Brief descriptive captions:
------
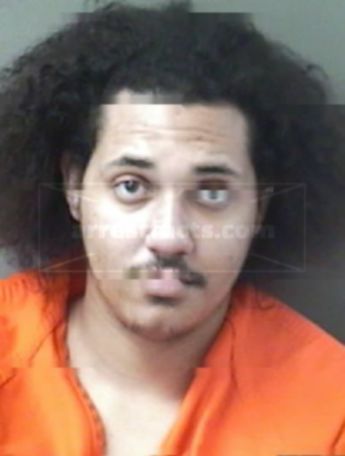 Deontae Nathaniel Florence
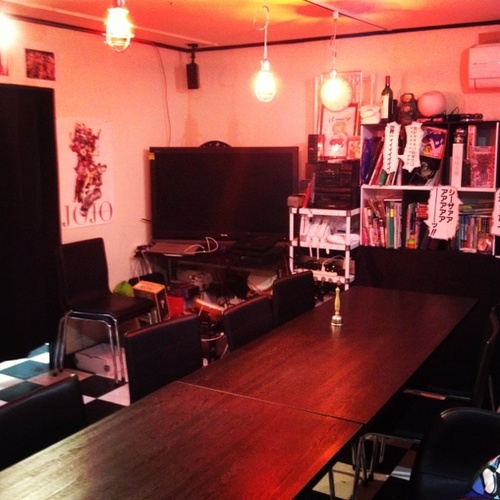 3 23 土 新宿の1階bar貸切パーティー 飲み放題 料理5品 ゲームし放題 専用フロアあり Wiiパーティーor太鼓の達人 吉岡 新宿 のパーティーのイベント参加者募集 無料掲載の掲示板 ジモティー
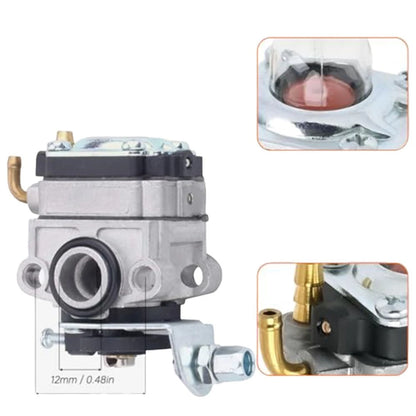 Comprehensive Package for Honda Engines
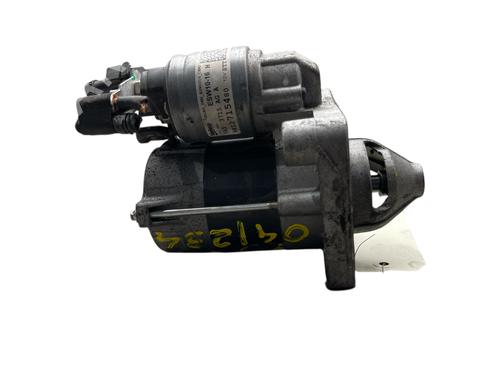 Startmotor PEUGEOT 208 II (UB_, UP_, UW_, UJ_) 1.2 PureTech 100 (101 hp) 26491570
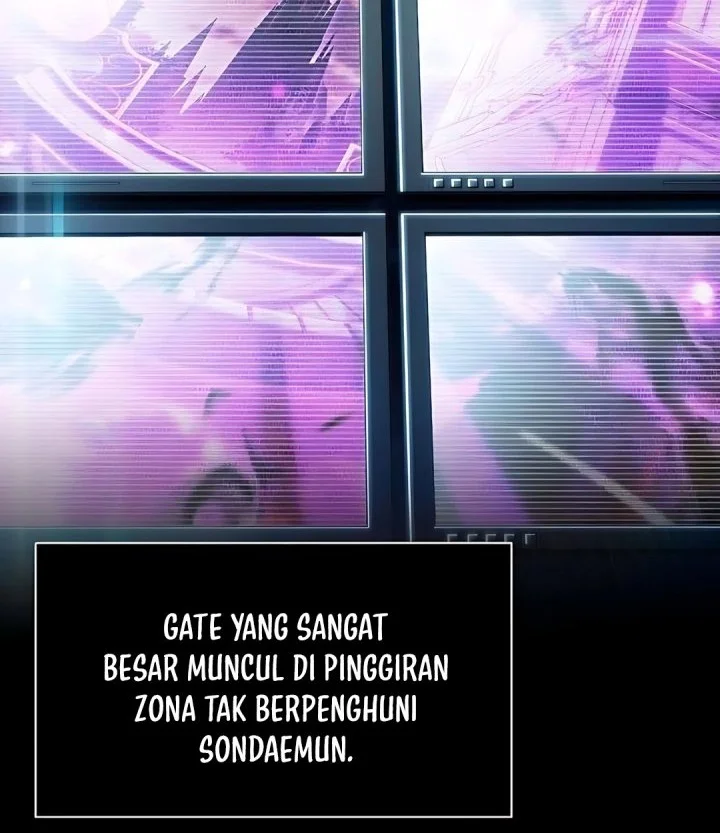 Manhwa The Demon Slayer’s Restaurant Chapter 34 gambar nomor 2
------
### Your objective
Begin at the first line of the data above and repeat each line exactly, stopping after the line containing "Startmotor PEUGEOT 208". Omit the pictures.

### Output of the task
 Deontae Nathaniel Florence
 3 23 土 新宿の1階bar貸切パーティー 飲み放題 料理5品 ゲームし放題 専用フロアあり Wiiパーティーor太鼓の達人 吉岡 新宿 のパーティーのイベント参加者募集 無料掲載の掲示板 ジモティー
 Comprehensive Package for Honda Engines
 Startmotor PEUGEOT 208 II (UB_, UP_, UW_, UJ_) 1.2 PureTech 100 (101 hp) 26491570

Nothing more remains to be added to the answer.